= Madame Ravissa =

Italian composer (mid 18th century – 1807)

Madame Ravissa de Turin (Genovieffa Bernardina Maria Vignola Ravissa de Turin) (mid 18th century – 20 February 1807) was an Italian singer and composer. She was from Turin, but apparently lived in Paris from 1778 until 1783. She published six sonatas for harpsichord in Paris in 1778, where she was described as Maîtresse de Clavecin et de Chant italien. A copy of the sonatas survived in the collection of Kaiser Franz II of Austria. In 1933 the manuscript was discovered in storage at the Steiermärkischer Musikverein by musicologist Ernst Fritz Schmid, and is now housed at the Austrian National Library in Vienna.
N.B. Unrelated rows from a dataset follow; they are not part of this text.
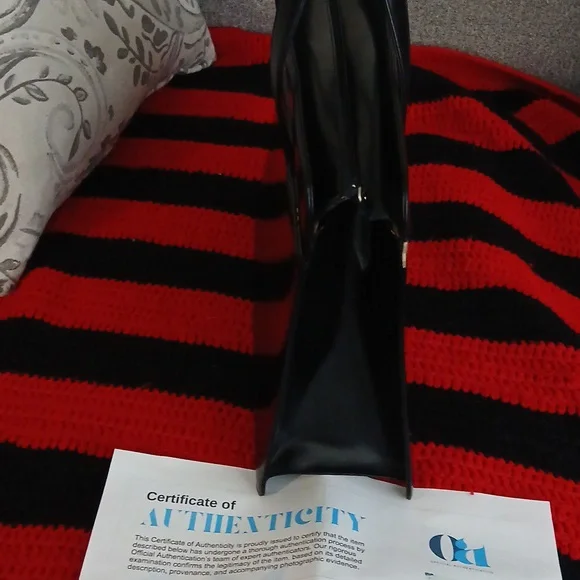 Burberry handbag - Picture 3 of 5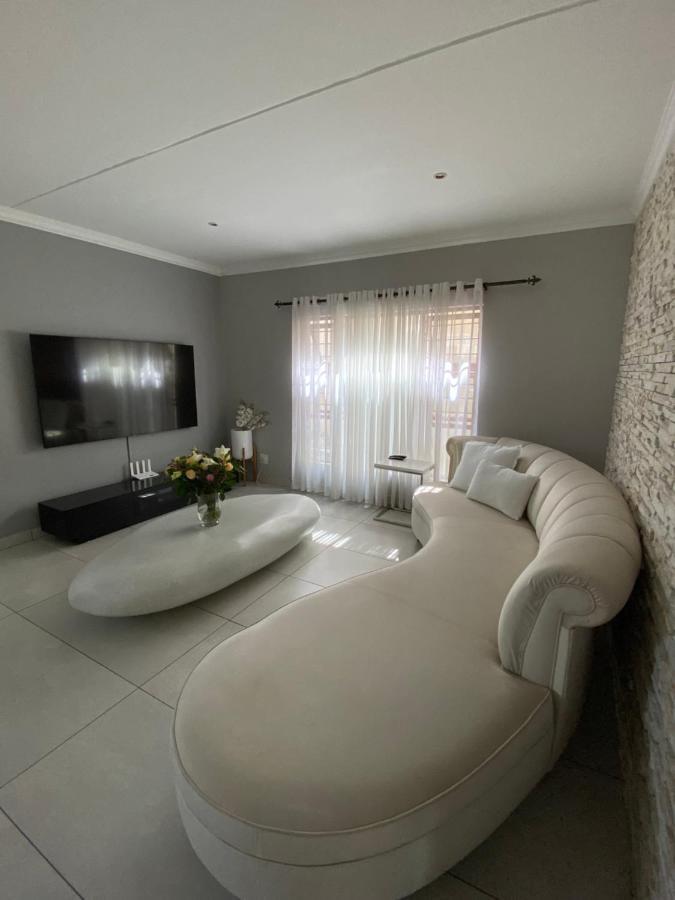 Modern Serene 3 Bedroom *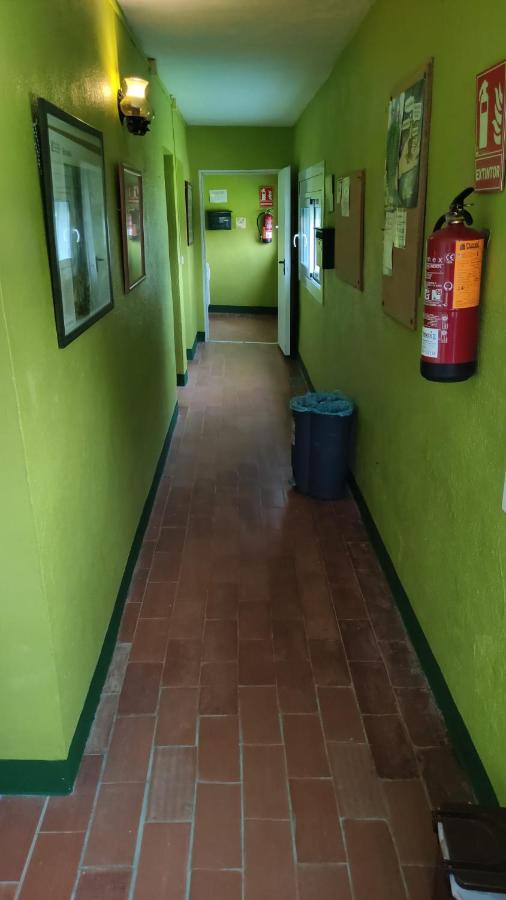 Chambre Familiale avec Salle de Bains Commune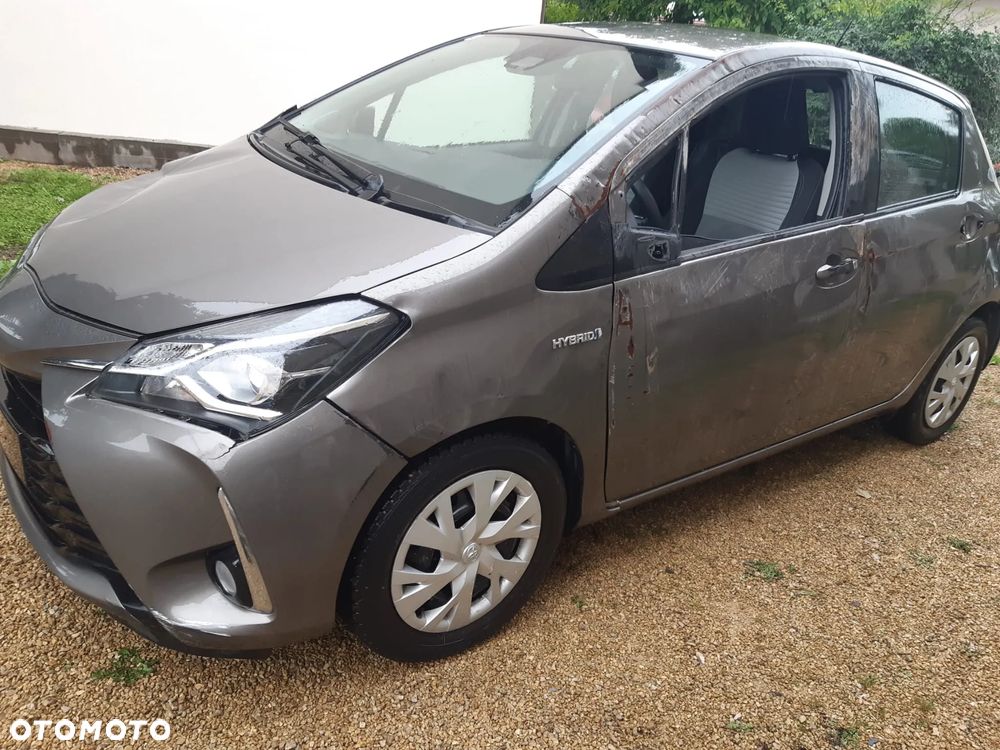 Toyota Yaris Hybrid 100 Premium - 10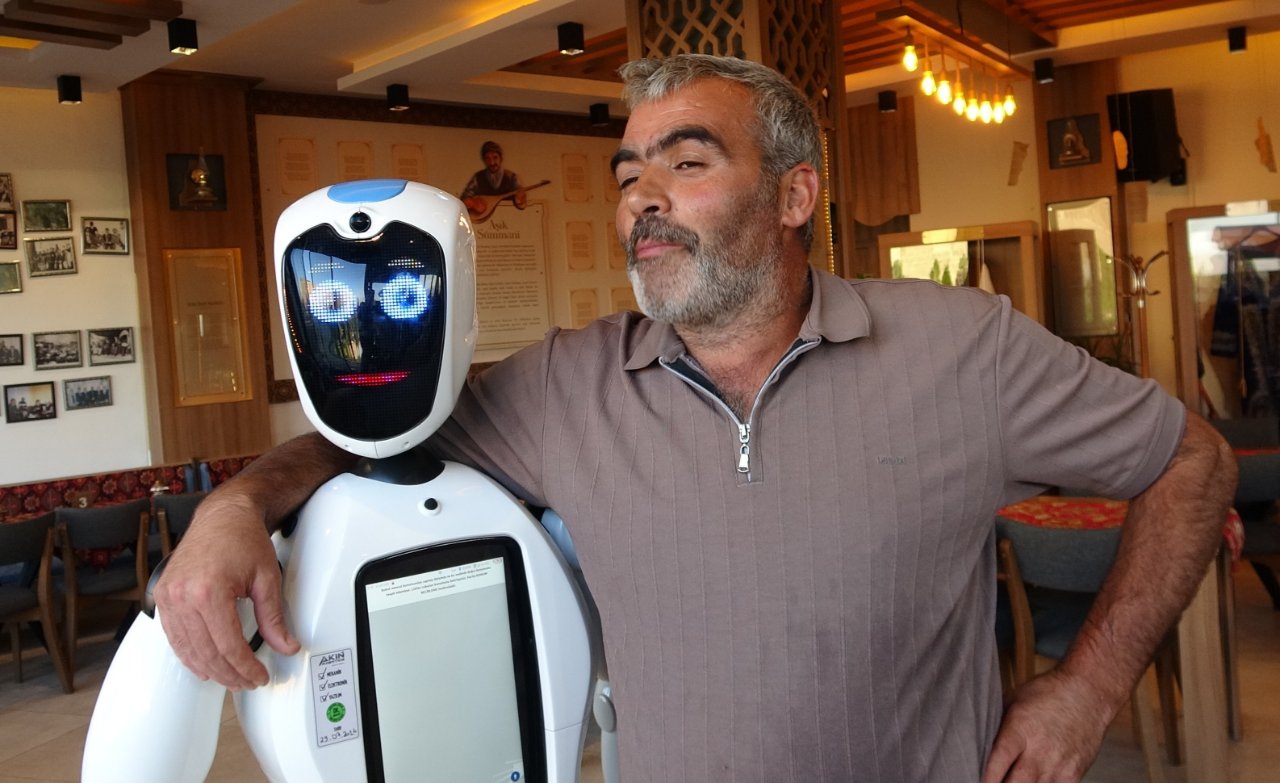 Göreni şaşırtan yerli robot! Marifetlerinde yok yok! ‘Bacım’ diyor, dert dinliyor, Erzurum şivesiyle konuşuyor!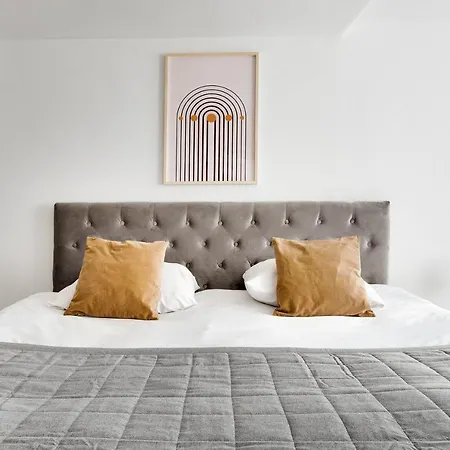 Sanders Main - Endearing Two-bedroom Duplex With A Balcony Next To Magical Nyhavn דירה קופנהגן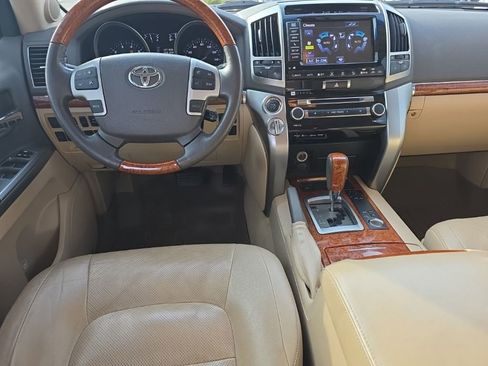 Used 2014 Toyota Land Cruiser image 20
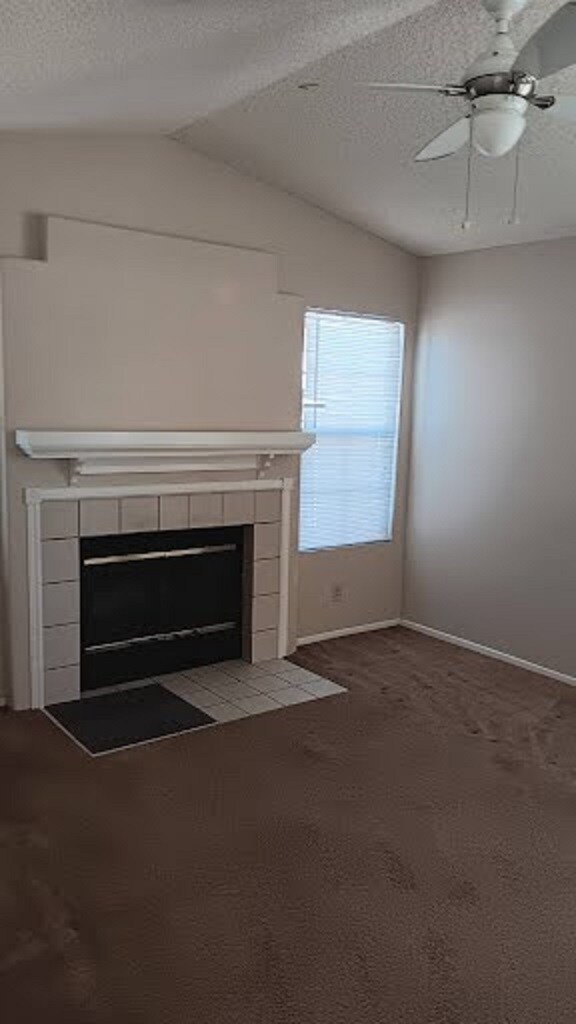 Foto del edificio - 39640 Wild Flower Dr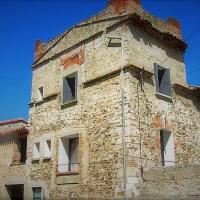 L'ancien moulin et sa tour pigeonnier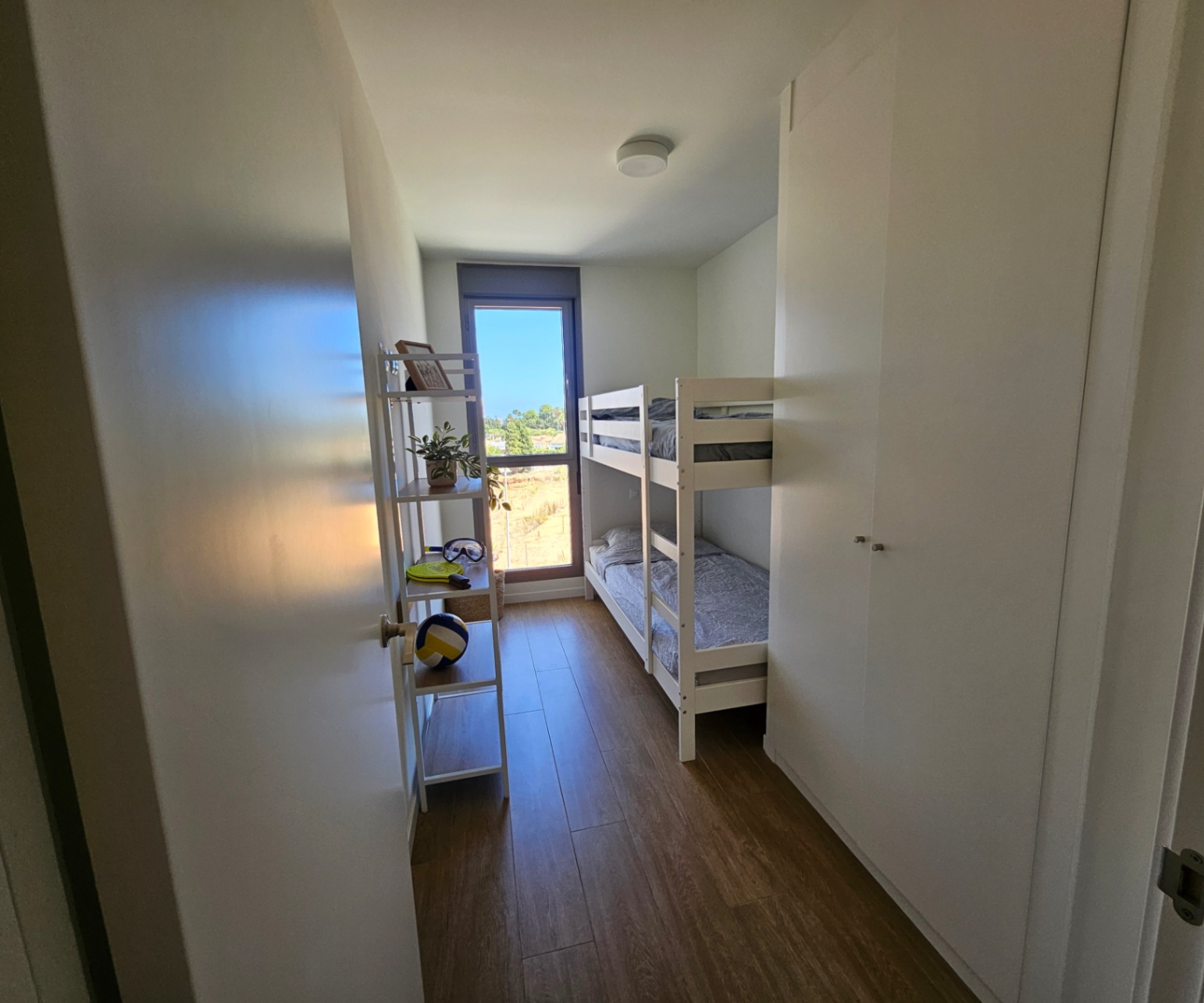 Espacioso y elegante apartamento en venta en Denia a solo unos pasos del centro.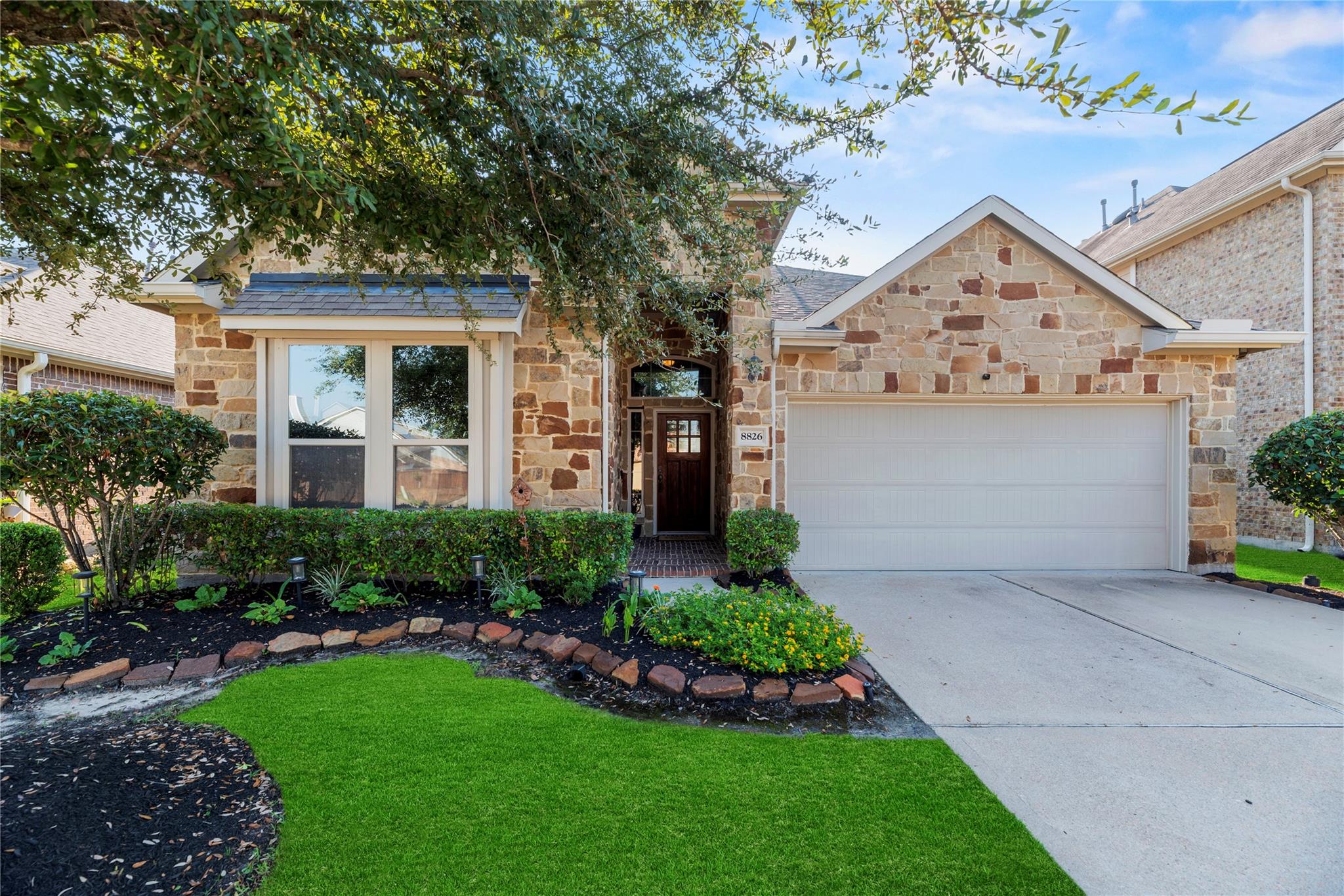 8826 E Coral Honeysuckle Loop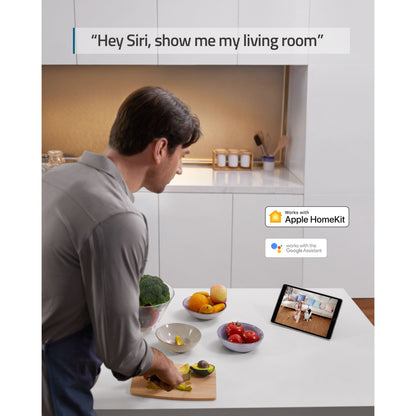 Eufy Indendørs kamera 2K Pan  Tilt vises via Siri på tablet, kompatibelt med Apple HomeKit og Google Assistant.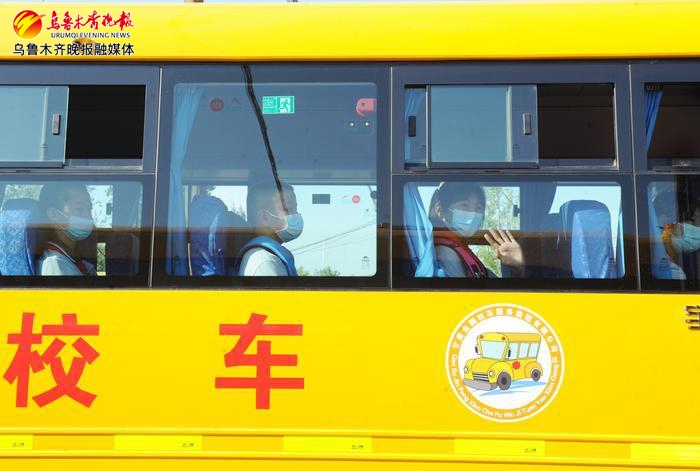 開學(xué)第一天 村里有了新校車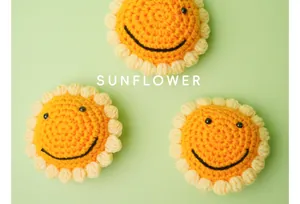 Detalle macro de tres cabezas de girasol de ganchillo con caras sonrientes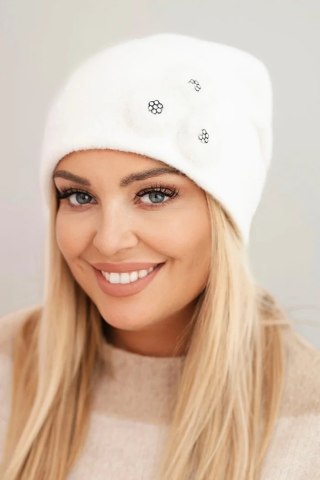 Czapka damska z ozdobnymi futrzanymi kwiatami elegancka biała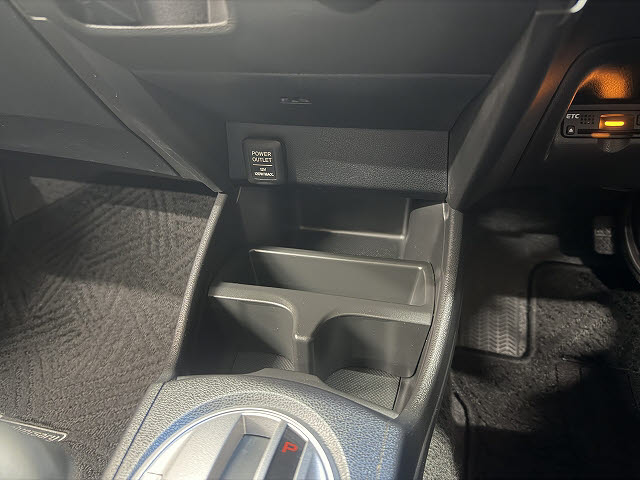 ホンダ フィット １３Ｇ　１０ｔｈアニバーサリー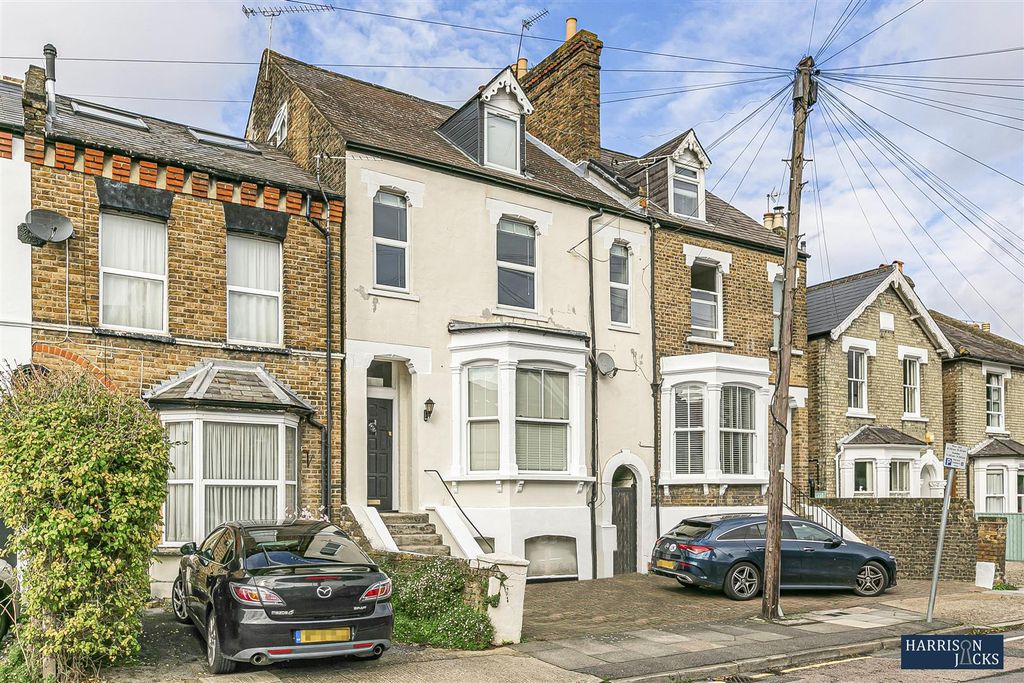 Property photo 3 of 9 18_40142_Watermarked.Jpg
In 1778 her work was described in the Parisian Almanach as "bold modulations that the Italians love and our timorous composers do not dare to allow themselves".

==Works==
- Six Sonatas pour le Clavecin, Op. 1, Sonatas I–III by Madame Ravissa de Turin. Edited by Claudia Schweitzer. For harpsichord or period instrument and modern pianos. Furore Verlag. ISBN ((979-0-50012-934-9)). Sonatas IV–VI. ISBN ((979-0-50012-960-8)).